The Stock Market: The Enemy of Our Economy
Usually, we look at reality “as it is” and consider the actual organization of things as part of the ineluctable demonstration of what things should be. But if you apply the lateral thinking (Edward De Bono docet), everything can be assumed to be a completely different color. Try to think about the stock market and the financial products considered “speculative”.
Theoretically, shares are part of a company sold to the market in order to increase the capital of the company and have fresh resources to invest in the company’s development. In a normal market, where we pay attention to real values and real potentials of existing companies, the investor will buy shares in companies where he imagines to have increasing value or more revenues in the future. Investment, as a concept, is long term, as companies usually take time to make the capital invested profitable and create some return on the value. Theoretically the investor, when he gets back the price paid plus a gain, can go to the stock exchange market and sell his stocks to other investors and invest the revenues in other companies with high growth potential. We don’t want to repeat basic concepts, but merely focus our readers on the real meanings of what we are doing and for what such institutions are built.

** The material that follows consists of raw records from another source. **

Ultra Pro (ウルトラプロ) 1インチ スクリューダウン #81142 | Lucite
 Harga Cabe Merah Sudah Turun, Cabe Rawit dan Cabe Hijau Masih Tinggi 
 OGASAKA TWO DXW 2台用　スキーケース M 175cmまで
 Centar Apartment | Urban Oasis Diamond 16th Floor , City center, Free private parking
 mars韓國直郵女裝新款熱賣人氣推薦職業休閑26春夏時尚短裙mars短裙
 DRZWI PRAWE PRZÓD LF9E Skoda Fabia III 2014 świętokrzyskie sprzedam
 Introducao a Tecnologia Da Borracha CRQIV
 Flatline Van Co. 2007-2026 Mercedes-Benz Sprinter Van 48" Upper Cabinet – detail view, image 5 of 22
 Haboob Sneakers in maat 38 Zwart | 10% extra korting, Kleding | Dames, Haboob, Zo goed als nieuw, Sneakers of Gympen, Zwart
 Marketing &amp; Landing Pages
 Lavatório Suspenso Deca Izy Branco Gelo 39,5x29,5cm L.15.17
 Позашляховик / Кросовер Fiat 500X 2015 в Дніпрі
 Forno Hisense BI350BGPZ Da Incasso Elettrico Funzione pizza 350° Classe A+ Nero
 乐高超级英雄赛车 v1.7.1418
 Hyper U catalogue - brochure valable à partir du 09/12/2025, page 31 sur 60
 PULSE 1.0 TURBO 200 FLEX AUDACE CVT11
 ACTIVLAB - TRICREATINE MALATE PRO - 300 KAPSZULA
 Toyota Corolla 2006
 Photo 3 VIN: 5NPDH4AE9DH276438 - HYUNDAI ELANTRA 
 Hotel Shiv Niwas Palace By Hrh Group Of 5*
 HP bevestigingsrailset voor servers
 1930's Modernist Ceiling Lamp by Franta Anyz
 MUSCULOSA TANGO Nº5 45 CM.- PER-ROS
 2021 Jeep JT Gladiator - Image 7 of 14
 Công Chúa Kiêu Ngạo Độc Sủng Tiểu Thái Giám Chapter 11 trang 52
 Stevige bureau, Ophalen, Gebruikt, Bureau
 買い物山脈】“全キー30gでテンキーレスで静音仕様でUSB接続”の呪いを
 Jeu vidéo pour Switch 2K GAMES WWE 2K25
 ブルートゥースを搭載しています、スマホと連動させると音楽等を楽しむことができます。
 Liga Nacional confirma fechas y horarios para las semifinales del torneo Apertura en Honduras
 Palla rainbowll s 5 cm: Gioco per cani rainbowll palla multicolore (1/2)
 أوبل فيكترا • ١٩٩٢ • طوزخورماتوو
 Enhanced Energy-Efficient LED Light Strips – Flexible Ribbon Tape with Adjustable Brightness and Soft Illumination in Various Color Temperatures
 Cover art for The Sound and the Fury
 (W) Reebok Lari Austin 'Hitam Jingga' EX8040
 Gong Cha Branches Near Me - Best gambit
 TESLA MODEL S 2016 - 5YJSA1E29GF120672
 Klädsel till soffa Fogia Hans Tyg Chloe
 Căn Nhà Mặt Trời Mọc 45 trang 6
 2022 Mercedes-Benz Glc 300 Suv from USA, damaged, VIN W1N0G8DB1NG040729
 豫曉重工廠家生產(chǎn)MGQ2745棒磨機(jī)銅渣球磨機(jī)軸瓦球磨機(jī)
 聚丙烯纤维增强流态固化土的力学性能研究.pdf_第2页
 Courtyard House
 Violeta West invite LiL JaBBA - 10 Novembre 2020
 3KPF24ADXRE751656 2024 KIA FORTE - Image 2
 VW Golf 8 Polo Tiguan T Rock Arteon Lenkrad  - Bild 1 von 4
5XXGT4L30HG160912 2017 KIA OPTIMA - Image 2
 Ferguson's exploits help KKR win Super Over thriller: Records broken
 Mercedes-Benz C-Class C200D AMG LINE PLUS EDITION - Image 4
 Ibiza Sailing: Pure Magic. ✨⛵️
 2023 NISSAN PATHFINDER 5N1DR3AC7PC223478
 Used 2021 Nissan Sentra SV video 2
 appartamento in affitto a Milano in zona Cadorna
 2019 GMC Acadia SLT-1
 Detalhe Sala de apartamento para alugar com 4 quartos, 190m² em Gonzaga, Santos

In this theoretical market, as it was in the origins, there is a close connection between the value of the company, the expectations of future growth or revenues, and the price you can pay in the stock market. For instance, a company with high potential with a long period between the starting of production and the day you can get some revenues could have a lower value compared with a company with revenues available in a shorter time. But we are always talking about values, expectations, revenues, and time.
Some financial tools and products, like future options, have been created in order to help the negotiations in some specific market (for instance wheat futures in agriculture). But in the last 10 years, the situation has deeply changed and the stock exchange has become a place where speculative products (derivates, futures, options), and even stocks and financing itself, have become something separated from the economical substance present in those elements. Finance, formerly a tool to cover the time gap between when the entrepreneur invests money and the time products are sold, has become an independent market and environment, where there are no connections to the real economy.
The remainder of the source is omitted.